How to access life-saving take-home naloxone kits in Saskatchewan

Naloxone is free for declared opioid users and for First Nations people through federal health benefits.

Opioid users, First Nations people can access the anti-overdose drug for free

The injection naloxone kit gives two doses in case the first dose is not enough. (Chanss Lagaden/CBC)

A needle in the leg or a shot up the nostril can be the difference between life or death during an opioid overdose.

The drug naloxone temporarily reverses the effects of opioids, and is available as a nasal spray or as an injectable. Just this week, a Saskatoon man used his kit when he happened upon two men, one of them his brother, seemingly overdosing. That man, Spring Gagne, said naloxone kits should be free for everyone. 
However, that's not the case. Naloxone kits are free at pharmacies for only two groups of people: those who self-declare as opioid users can receive them free through Saskatchewan Health, and First Nations people can access them through the federal First Nations Health Benefits Program, according to the Pharmacy Association of Saskatchewan.
Training in how to use naloxone is a part of getting ahold of the kits. (Screenshot/Canadian Pharmacy Association Youtube)
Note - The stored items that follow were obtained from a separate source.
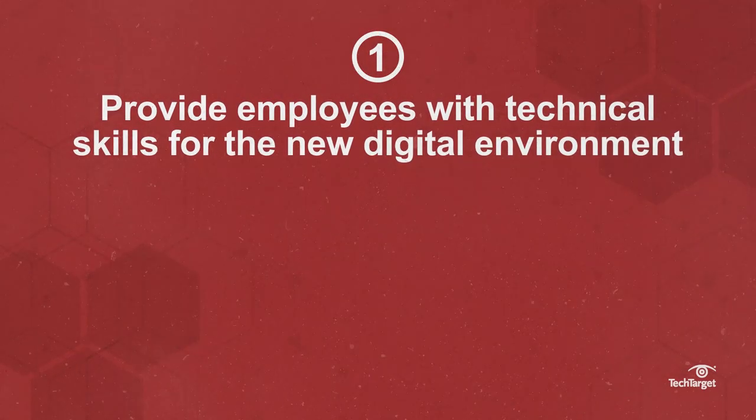At the end of the day, IT-OT convergence benefits every industry, but integrating the two is a complex process. Here are five best practices for implementing IT-OT convergence in the office and for the new digital environment.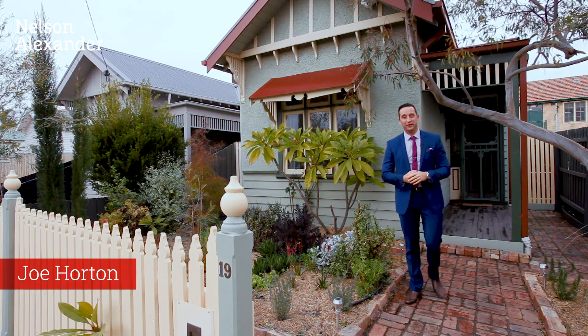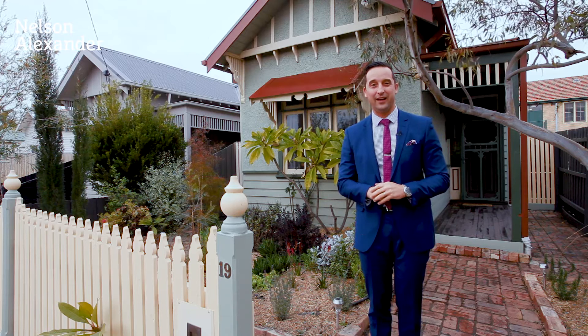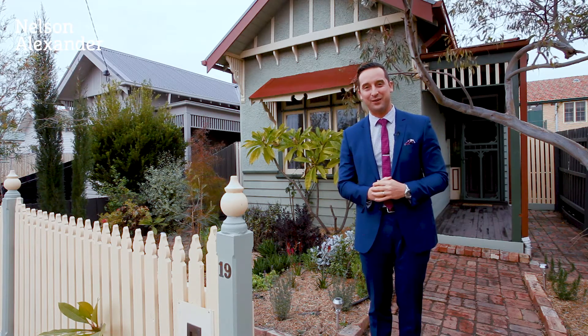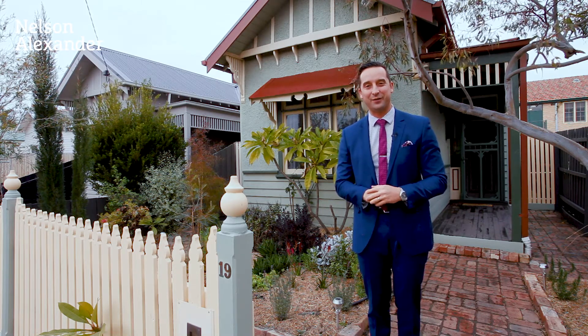Well, behind this classic Edwardian facade, this freestanding gem offers three bedrooms, great accommodation in the way of an open-plan living area, and it's only further enhanced by placing it within walking distance of everything that Coburg has to offer. My name's Joe Horton — let's go through and take a tour.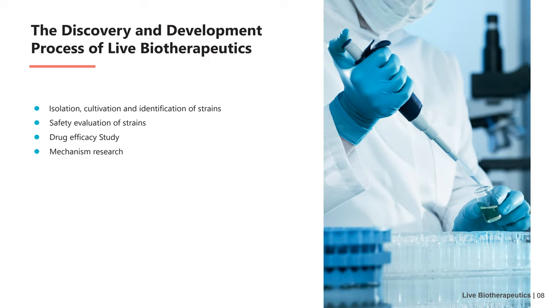To develop live biotherapeutics, a series of preclinical and clinical studies are needed. The preclinical research process of live biotherapeutics is divided into four parts. The first part is strain isolation, culture, and identification, among which the identification of strains is the key point of preclinical research. The second part is the safety evaluation of the strain.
Anyone else who wants those kits can buy them from pharmacies in 29 communities in the province, from as far north at Ile-a-la-Crosse and as far south as Estevan. There is no paperwork or prescription required to get the kits, but people must speak to a pharmacist before buying one.

What's the cost?

The price averages around $50 for the naloxone injection kits, which give two doses in case the first dose is not enough. The naloxone nasal spray kit is harder to find, and retails for more than $100.

"Cost might be prohibitive to some of those who are not getting them for free," said Myla Wollbaum with the pharmacy association. 

The association lists six public health organizations that give the kits away to their clients for free, including clinics and programs in Saskatoon, Regina, North Battleford, Kamsack, Yorkton and Prince Albert. The Saskatoon location, the Mayfair Clinic, still charges $41 for people who are not declared as opioid users. Its pharmacist says there are certain instances where friends and family of drug users can access the kit for free.

British Columbia, which has been hit with a 1,420 suspected overdose deaths in 2017, more than 80 per cent of those involving fentanyl, initiated a similar protocol late last year, except that it also extends free kits to people who are likely to witness an overdose.

Who should have naloxone?

As a string of suspected fentanyl overdoses have hit the province, Wollbaum recommended anyone with friends and family who they suspect might be using legal opiates or illegal drugs like cocaine to get a kit.

"The vast majority of overdoses happen in the presence of other people," she said.

Symptoms of an overdose include blue lips, no breath or light breath and cold, clammy skin. Wollbaum said whether someone has naloxone on hand or not, the first step they should take when they see those signs is to call 911.